Segment Start: Given data
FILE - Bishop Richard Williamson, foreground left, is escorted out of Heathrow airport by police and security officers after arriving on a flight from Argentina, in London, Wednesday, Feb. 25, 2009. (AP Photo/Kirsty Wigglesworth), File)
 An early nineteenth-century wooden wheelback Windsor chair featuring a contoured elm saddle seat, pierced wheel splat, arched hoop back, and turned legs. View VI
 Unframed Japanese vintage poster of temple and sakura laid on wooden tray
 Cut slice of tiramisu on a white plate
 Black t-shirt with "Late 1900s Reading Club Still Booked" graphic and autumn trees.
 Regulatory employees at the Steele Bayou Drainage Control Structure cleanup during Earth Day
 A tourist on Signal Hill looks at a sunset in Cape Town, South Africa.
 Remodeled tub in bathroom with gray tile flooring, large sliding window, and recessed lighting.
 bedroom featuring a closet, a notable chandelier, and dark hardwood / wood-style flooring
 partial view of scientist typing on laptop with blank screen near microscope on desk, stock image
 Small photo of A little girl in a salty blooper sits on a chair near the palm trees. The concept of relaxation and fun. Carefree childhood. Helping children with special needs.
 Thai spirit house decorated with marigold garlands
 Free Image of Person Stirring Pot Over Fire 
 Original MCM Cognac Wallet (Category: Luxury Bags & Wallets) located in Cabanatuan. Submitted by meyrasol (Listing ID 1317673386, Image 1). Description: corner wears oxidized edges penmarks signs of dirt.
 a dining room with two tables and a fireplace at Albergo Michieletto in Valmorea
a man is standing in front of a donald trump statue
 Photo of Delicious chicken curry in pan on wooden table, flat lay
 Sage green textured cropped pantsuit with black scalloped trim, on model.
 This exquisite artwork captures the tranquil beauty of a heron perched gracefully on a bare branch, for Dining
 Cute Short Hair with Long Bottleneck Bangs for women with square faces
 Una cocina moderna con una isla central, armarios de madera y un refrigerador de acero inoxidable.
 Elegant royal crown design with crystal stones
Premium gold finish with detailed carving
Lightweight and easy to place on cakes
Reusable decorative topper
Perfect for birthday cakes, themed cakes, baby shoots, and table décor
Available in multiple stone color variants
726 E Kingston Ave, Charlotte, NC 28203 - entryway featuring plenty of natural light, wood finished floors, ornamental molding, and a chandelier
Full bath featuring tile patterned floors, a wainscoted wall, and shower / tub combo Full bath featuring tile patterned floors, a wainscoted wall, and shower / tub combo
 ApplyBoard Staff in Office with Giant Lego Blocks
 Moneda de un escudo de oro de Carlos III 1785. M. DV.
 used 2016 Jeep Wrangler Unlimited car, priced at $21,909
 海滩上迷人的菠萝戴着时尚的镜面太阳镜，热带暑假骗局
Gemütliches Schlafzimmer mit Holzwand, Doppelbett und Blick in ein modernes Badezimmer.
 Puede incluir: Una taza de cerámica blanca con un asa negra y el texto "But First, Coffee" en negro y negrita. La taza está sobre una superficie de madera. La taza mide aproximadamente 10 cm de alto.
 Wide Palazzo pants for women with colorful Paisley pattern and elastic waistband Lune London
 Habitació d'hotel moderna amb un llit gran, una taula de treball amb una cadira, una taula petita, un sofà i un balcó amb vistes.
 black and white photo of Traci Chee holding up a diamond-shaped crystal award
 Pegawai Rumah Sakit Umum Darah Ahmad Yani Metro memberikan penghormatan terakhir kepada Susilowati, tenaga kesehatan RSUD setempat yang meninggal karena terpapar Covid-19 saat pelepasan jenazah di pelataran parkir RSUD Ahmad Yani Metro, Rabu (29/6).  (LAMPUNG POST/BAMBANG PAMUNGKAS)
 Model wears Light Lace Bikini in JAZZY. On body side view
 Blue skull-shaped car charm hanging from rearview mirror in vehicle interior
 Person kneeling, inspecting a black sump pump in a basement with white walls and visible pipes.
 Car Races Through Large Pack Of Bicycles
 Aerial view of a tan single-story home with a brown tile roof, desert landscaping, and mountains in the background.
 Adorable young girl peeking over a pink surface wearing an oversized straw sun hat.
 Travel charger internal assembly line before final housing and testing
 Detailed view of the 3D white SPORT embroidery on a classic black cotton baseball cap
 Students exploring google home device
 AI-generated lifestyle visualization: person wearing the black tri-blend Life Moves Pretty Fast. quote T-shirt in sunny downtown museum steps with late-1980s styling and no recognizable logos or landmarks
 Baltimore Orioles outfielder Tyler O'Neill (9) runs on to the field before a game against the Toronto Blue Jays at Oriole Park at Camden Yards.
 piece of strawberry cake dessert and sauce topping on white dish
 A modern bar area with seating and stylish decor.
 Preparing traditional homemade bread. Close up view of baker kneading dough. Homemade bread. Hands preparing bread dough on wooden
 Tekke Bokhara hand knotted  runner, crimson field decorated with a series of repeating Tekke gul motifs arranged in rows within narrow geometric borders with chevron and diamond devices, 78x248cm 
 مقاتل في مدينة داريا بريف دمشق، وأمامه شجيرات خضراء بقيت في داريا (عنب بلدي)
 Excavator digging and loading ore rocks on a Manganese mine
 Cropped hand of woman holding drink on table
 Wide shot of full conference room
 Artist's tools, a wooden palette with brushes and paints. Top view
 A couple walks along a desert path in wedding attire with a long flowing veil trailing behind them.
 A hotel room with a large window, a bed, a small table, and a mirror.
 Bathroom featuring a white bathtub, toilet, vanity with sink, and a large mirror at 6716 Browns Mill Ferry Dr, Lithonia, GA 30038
Segment End: Given data
» The task
Taking the records above, retype every line from the one with "Adorable young girl" down to the one with "A modern bar", exactly and with nothing else.

» Task output
 Adorable young girl peeking over a pink surface wearing an oversized straw sun hat.
 Travel charger internal assembly line before final housing and testing
 Detailed view of the 3D white SPORT embroidery on a classic black cotton baseball cap
 Students exploring google home device
 AI-generated lifestyle visualization: person wearing the black tri-blend Life Moves Pretty Fast. quote T-shirt in sunny downtown museum steps with late-1980s styling and no recognizable logos or landmarks
 Baltimore Orioles outfielder Tyler O'Neill (9) runs on to the field before a game against the Toronto Blue Jays at Oriole Park at Camden Yards.
 piece of strawberry cake dessert and sauce topping on white dish
 A modern bar area with seating and stylish decor.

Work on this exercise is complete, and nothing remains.